◆ **WHAT TO WORK ON**
What lines in the data below mention the string "Canon"? Copy them out.

◆ **EXERCISE INPUT**
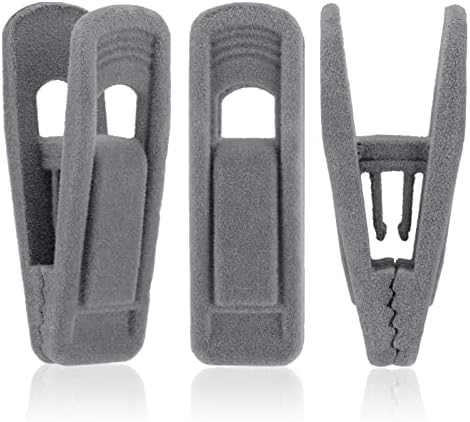 Tinfol Velvet Hanger Clips, 50Pack Gray Pants Velvet Clips, Clothes Hanger Clip, Large Opening Clothes Pin Strong Finger Flocked Clips Perfect for Use with Slim-line Clothes Velvet Hangers by Tinfol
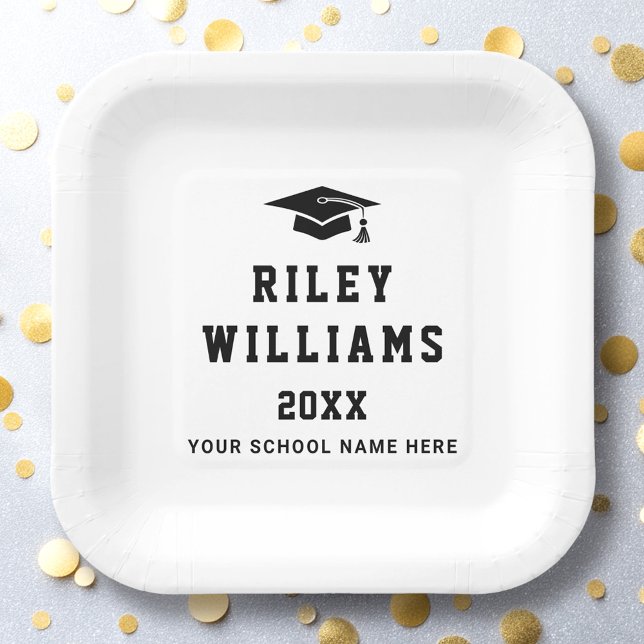 Graduiertenzahl Jahr Uni Schriftart Weiß Pappteller (Graduation cap name year college sports font white paper plates)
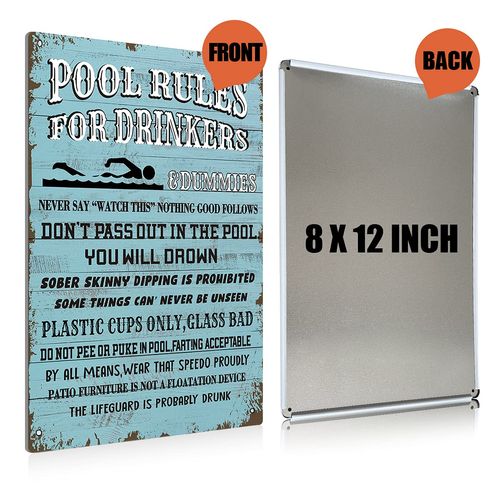 BEASTZHENG Swimming Pool Rules for Drinkers Sign Metal Tin Sign Wall Decor Blue Pool Sign for Home Decor Gifts - 8x12 Inch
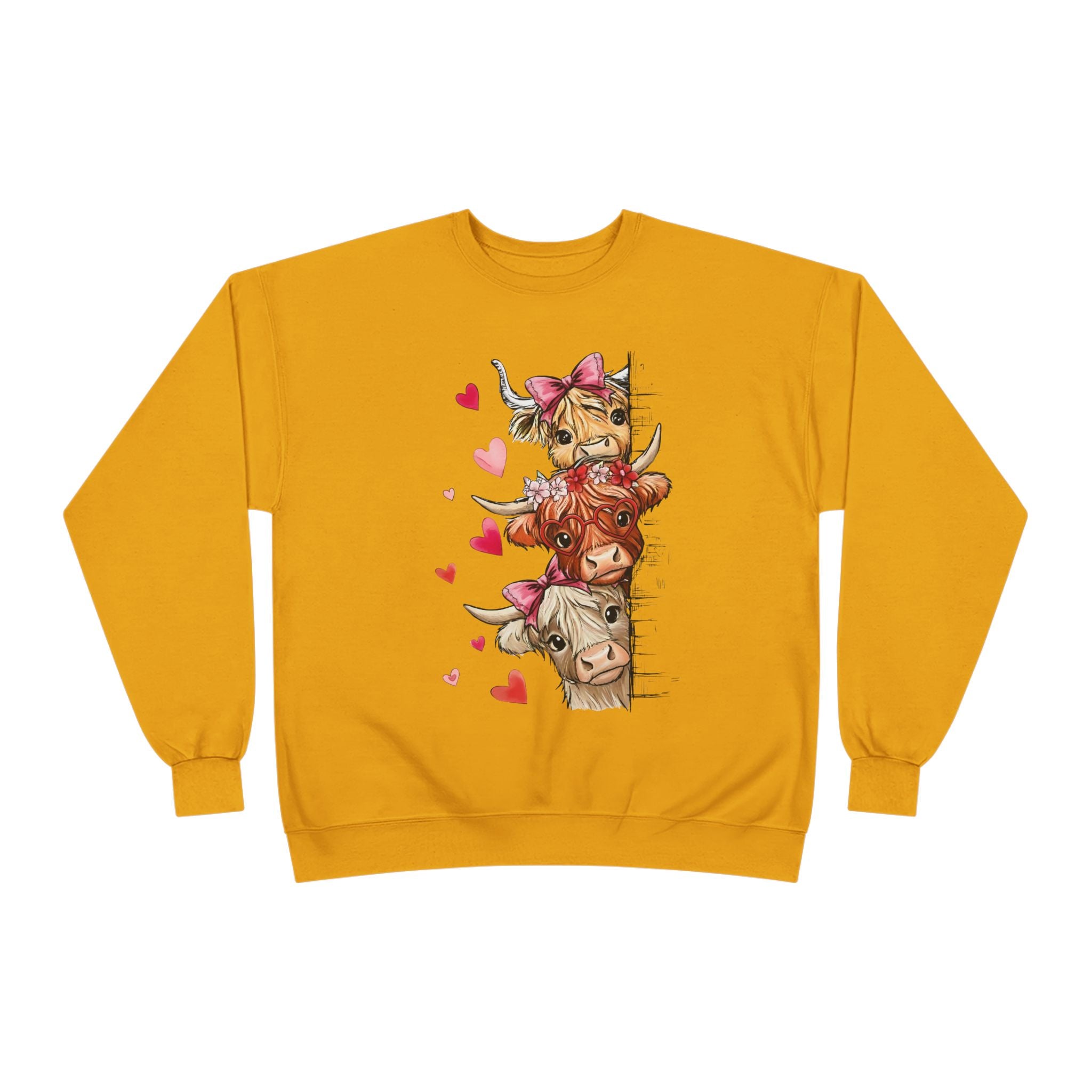Cute Highland Cow Stack Sweatshirt — Adorable Hearts & Bows Cozy Pullover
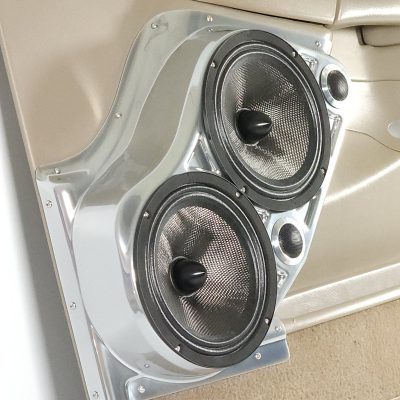 Front Door Custom Speaker Pods for the 2000-2006 Cadillac Escalade Chevrolet Avalanche Silverado Tahoe Suburban GMC Sierra Yukon to hold Dual 8.0 in and Dual 2.0 in speakers for car audio installation upgrade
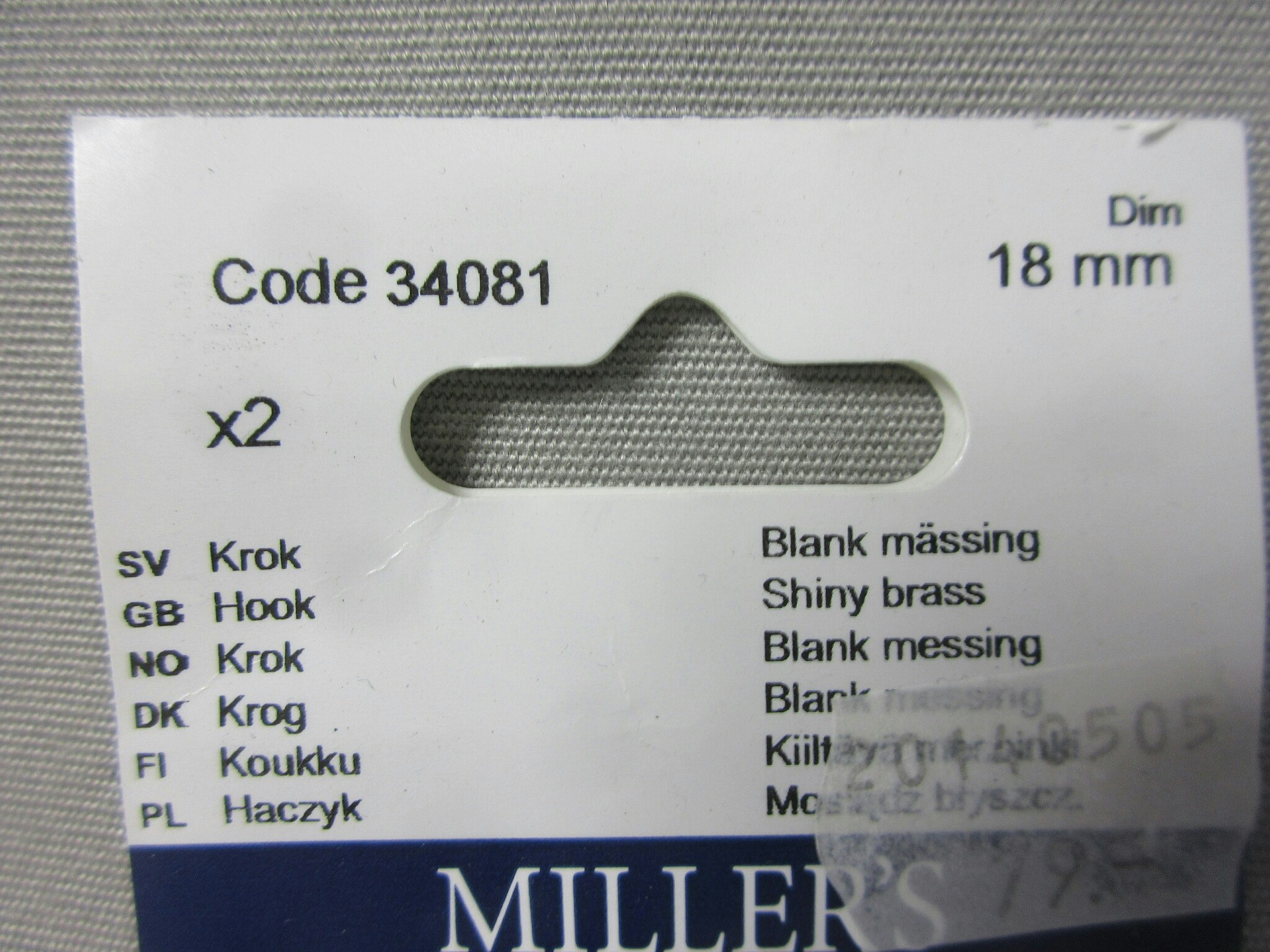 Millers Krok 18 mm. Blank Mässing 34081.  2 st.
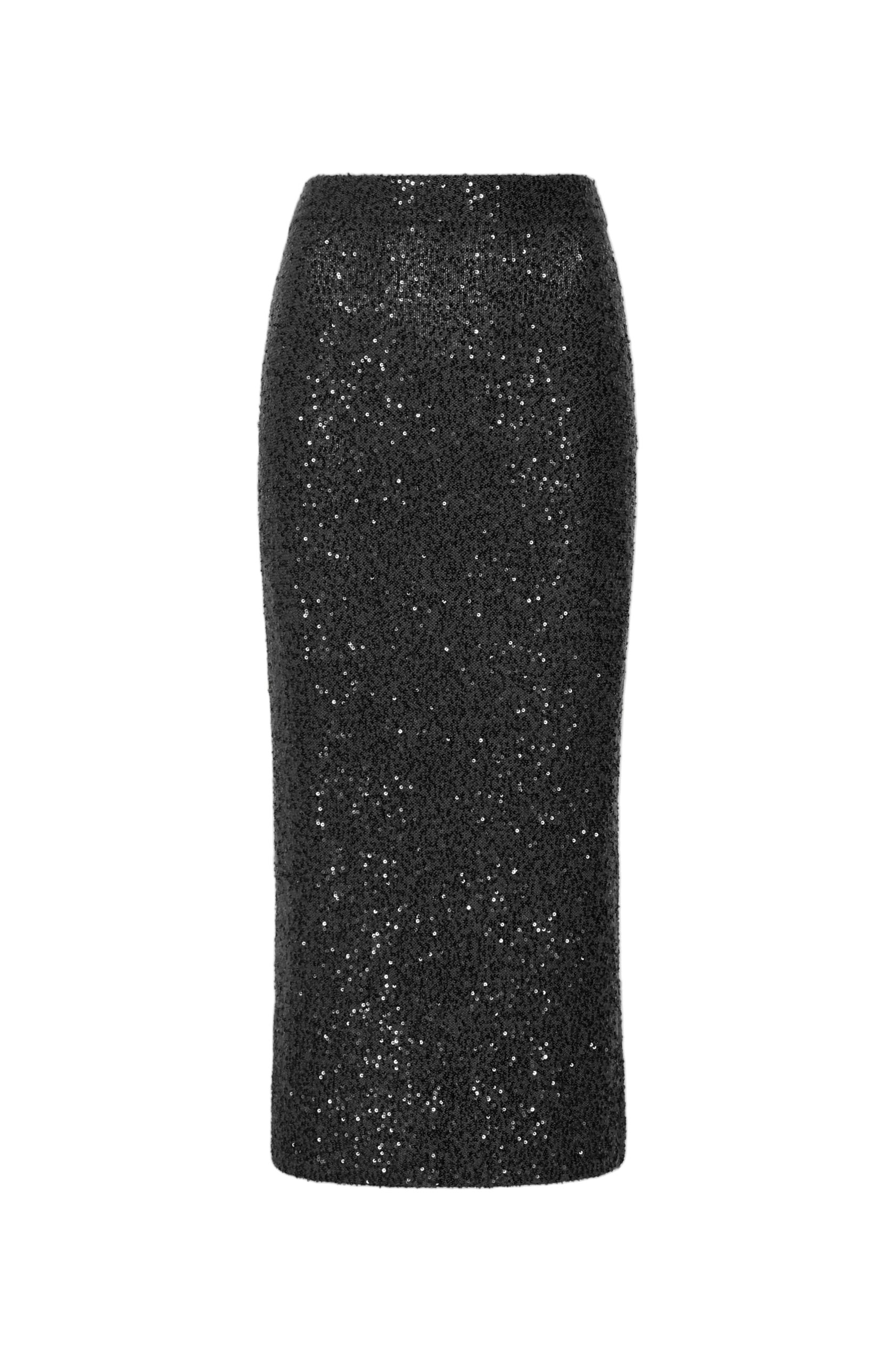 Sequin Cashmere Skirt in Black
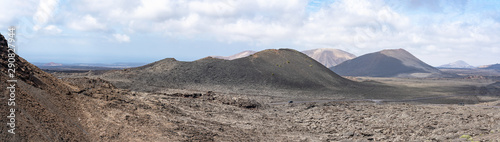 Panoramic picture of the various volcano craters in the national park Parque Nacional de Timanfaya  Lanzarote  Spain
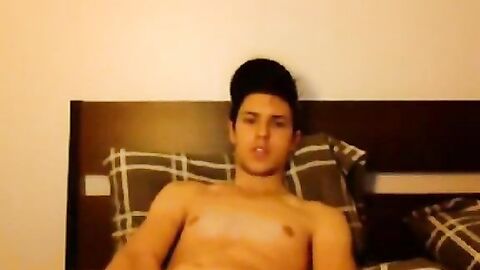 Twink's Amateur Striptease and Webcam Jerk Off Session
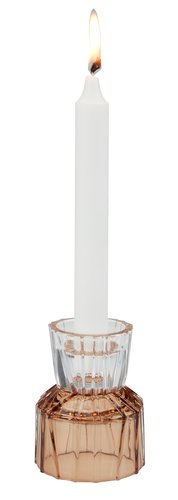 Tealight holder FREJLEV D8xH10cm brown/clear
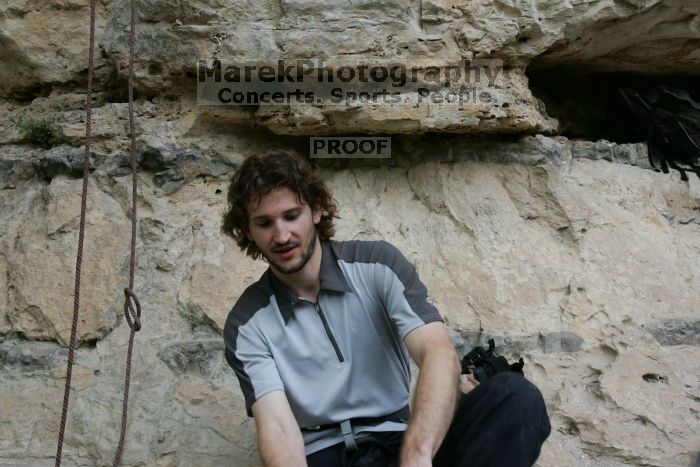 Andrew Dreher.  It was another long day of rock climbing at Seismic Wall on Austin's Barton Creek Greenbelt, Saturday, April 11, 2009.

Filename: SRM_20090411_15375097.JPG
Aperture: f/10.0
Shutter Speed: 1/100
Body: Canon EOS-1D Mark II
Lens: Canon EF 16-35mm f/2.8 L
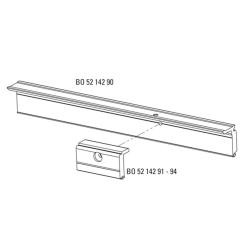 Wall connection profile - aluminum - length 3000 mm - glass thickness 8 to 12.7 mm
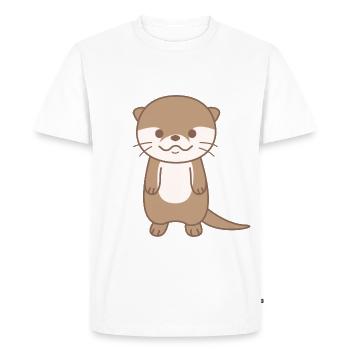 Doux loutres bien-être animal pour les enfants - T-shirt Premium bio Homme - blanc - Devant - Nico (187cm)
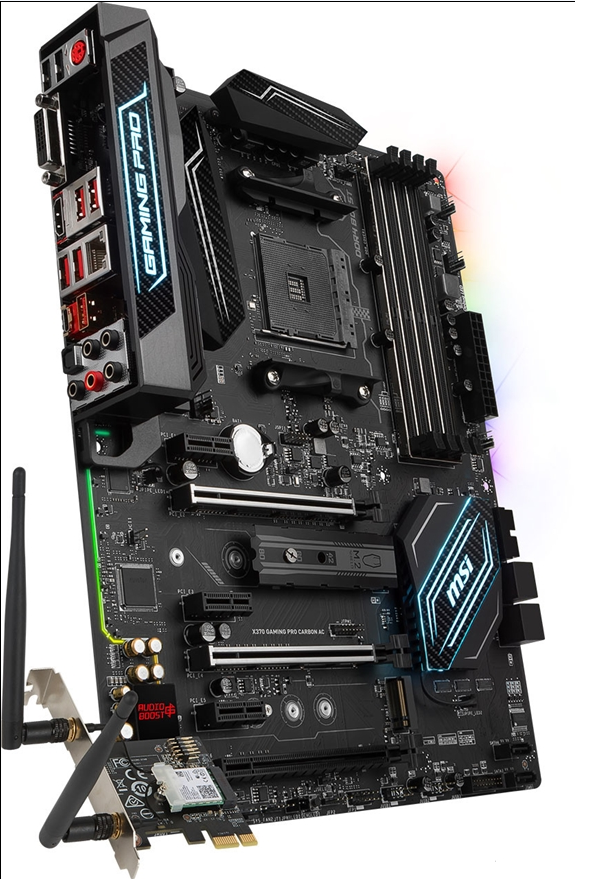 产品型号x370 gaming pro carbon, 特点在于支持802.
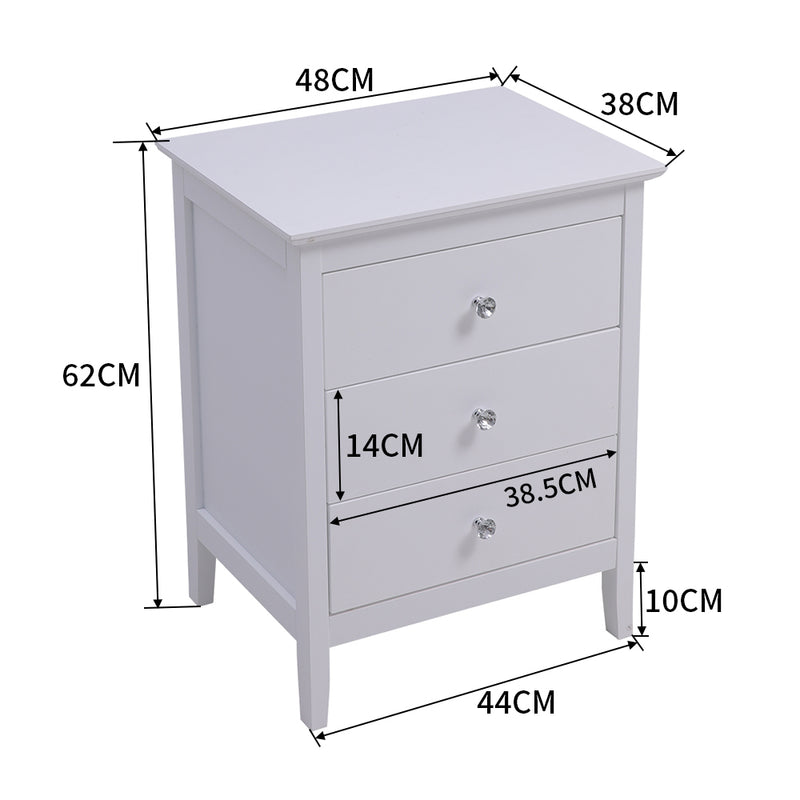Livingandhome Compact White MDF Storage Cabinet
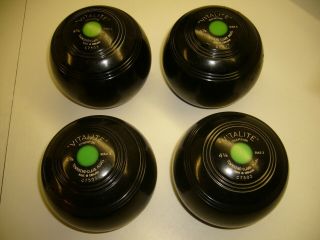 Vitalite Lawn Bowls Set Of 4 Size 3 (4 7/8) Made In England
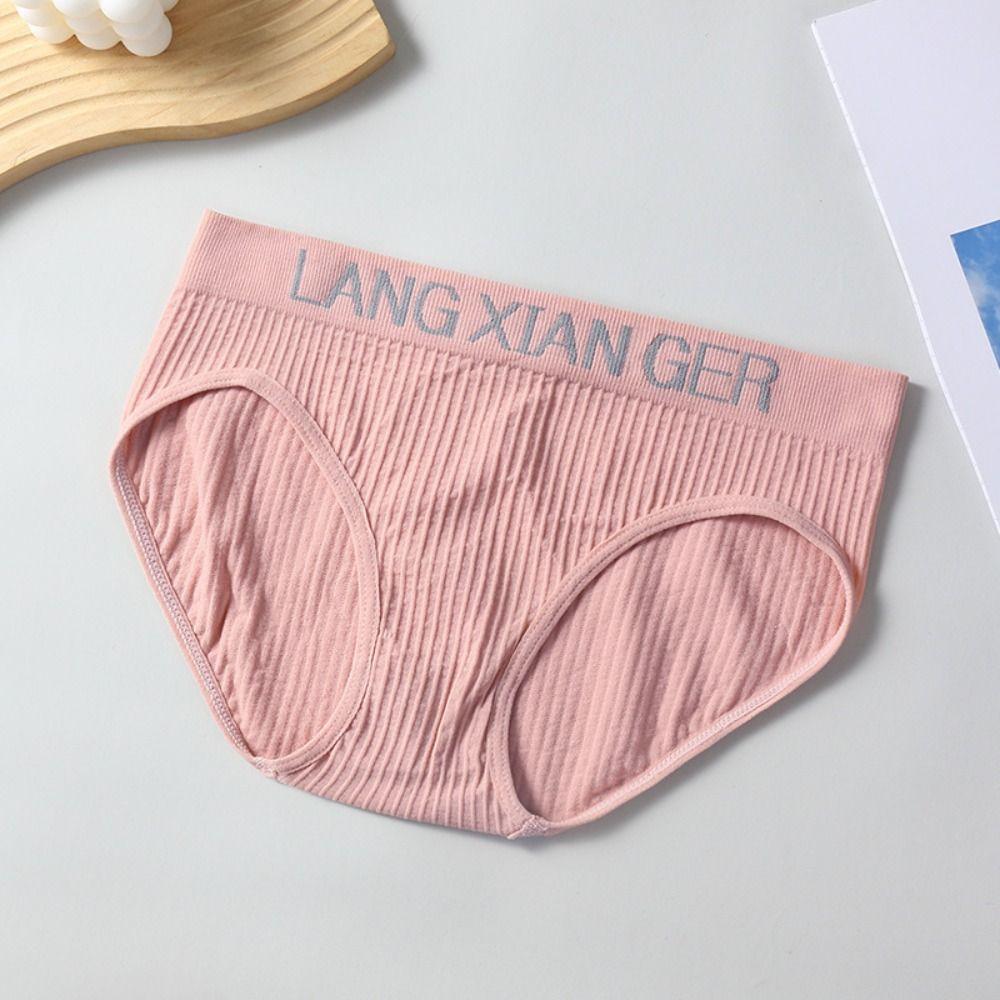 5Pcs Mid Waist Simple Panties Letter Underwear for Women Comfortable Seamless Underwear Girl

◆ **TASK ANSWER**
Body: Canon EOS-1D Mark II
Lens: Canon EF 16-35mm f/2.8 L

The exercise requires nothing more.